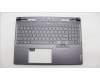 Lenovo COVER Upper Case ASM_EURO ENG C 82Y3BLWH for Lenovo Legion S7-16IRH8 (82Y3)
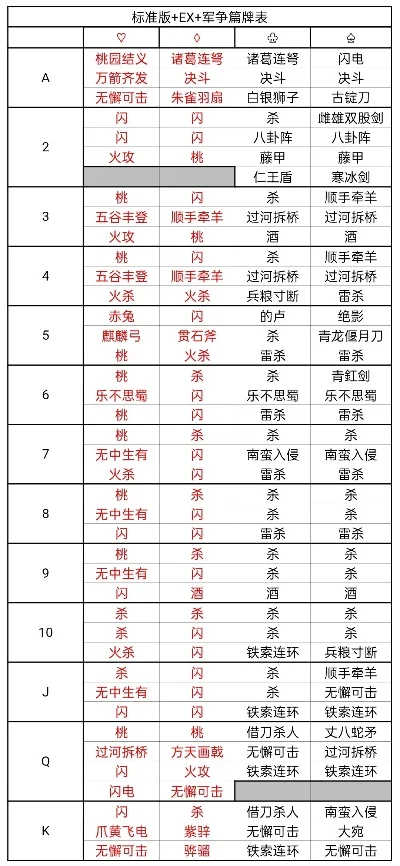 三国杀军争篇牌堆-三国杀牌堆构成与策略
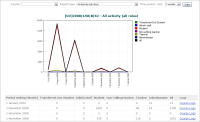 CourseReportStatistics.jpg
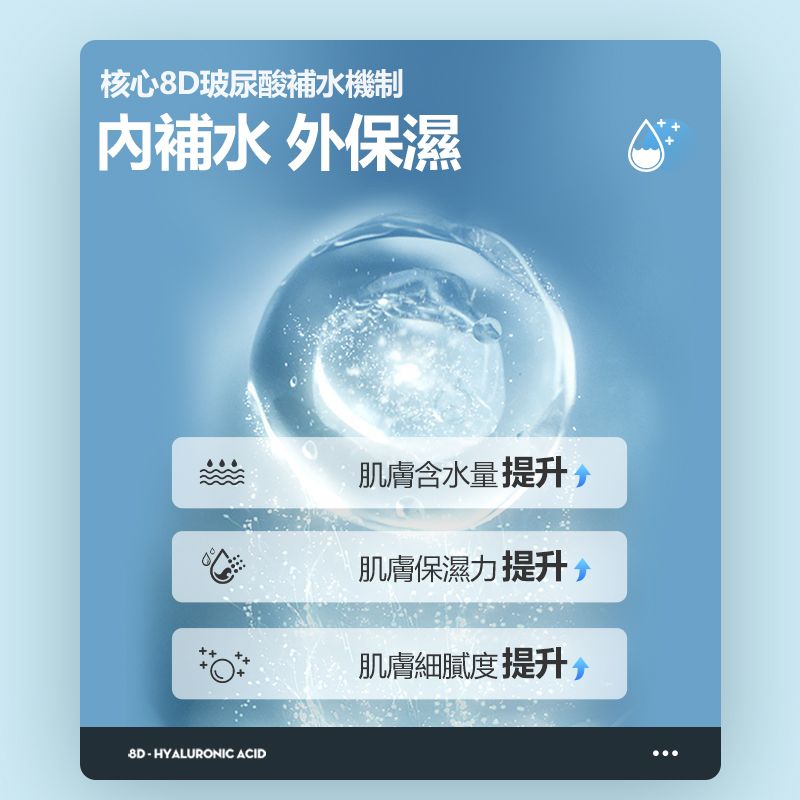 MANCODES 左顏右色 玻尿酸水感透潤面膜【10片/盒】(舒緩修護/沁透補水)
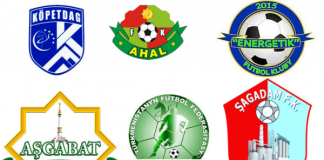campionato di calcio del Turkmenistan
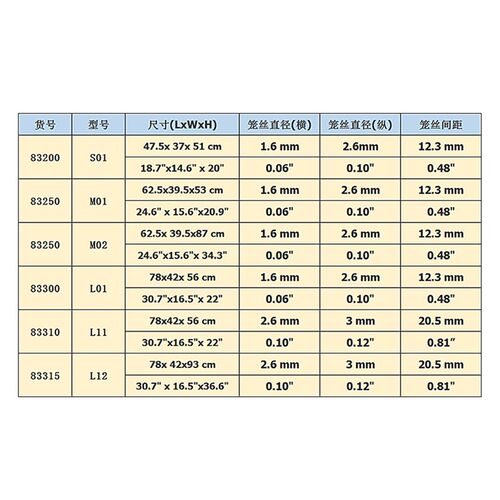 加拿大哈根鹦鹉笼豪华大号别墅金属鹦鹉笼虎皮玄凤牡丹鸟笼大全 - 图1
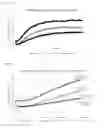 Fig. 66 - Compositions and methods to inhibit kidney stone growth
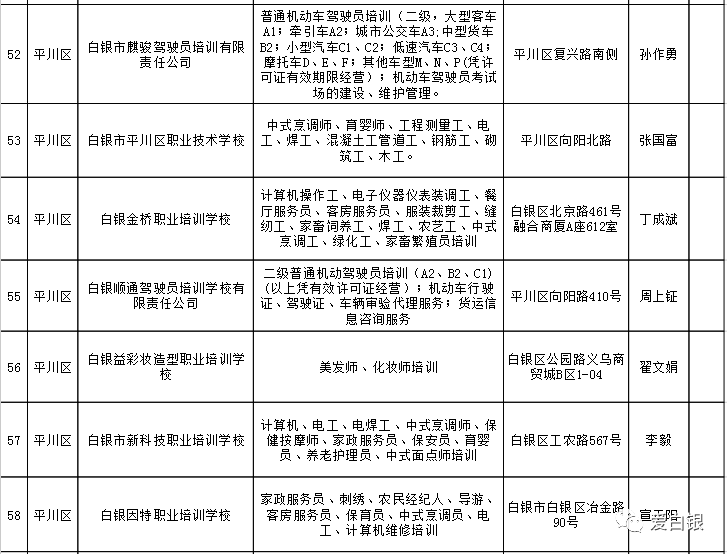 资源县人力资源和社会保障局新项目，助推地方经济与社保体系双重发展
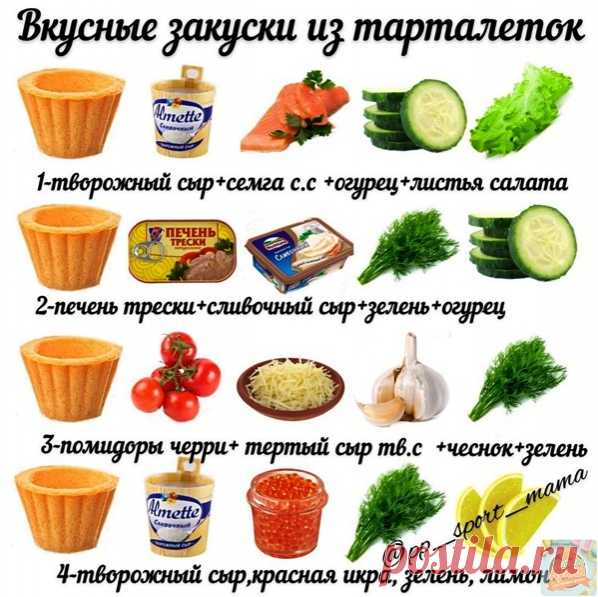 Подборка вкусных начинок для тарталеток.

_Assignment:_
Transcribe exactly the lines from the one holding "加拿大哈根鹦鹉笼豪华大号别墅金属鹦鹉笼虎皮玄凤牡丹鸟笼大全 - 图1" through the final line of the material above, both ends included; any pictures should be dropped.

_Result of the task:_
 加拿大哈根鹦鹉笼豪华大号别墅金属鹦鹉笼虎皮玄凤牡丹鸟笼大全 - 图1
 Fig. 66 - Compositions and methods to inhibit kidney stone growth
 资源县人力资源和社会保障局新项目，助推地方经济与社保体系双重发展
 Подборка вкусных начинок для тарталеток.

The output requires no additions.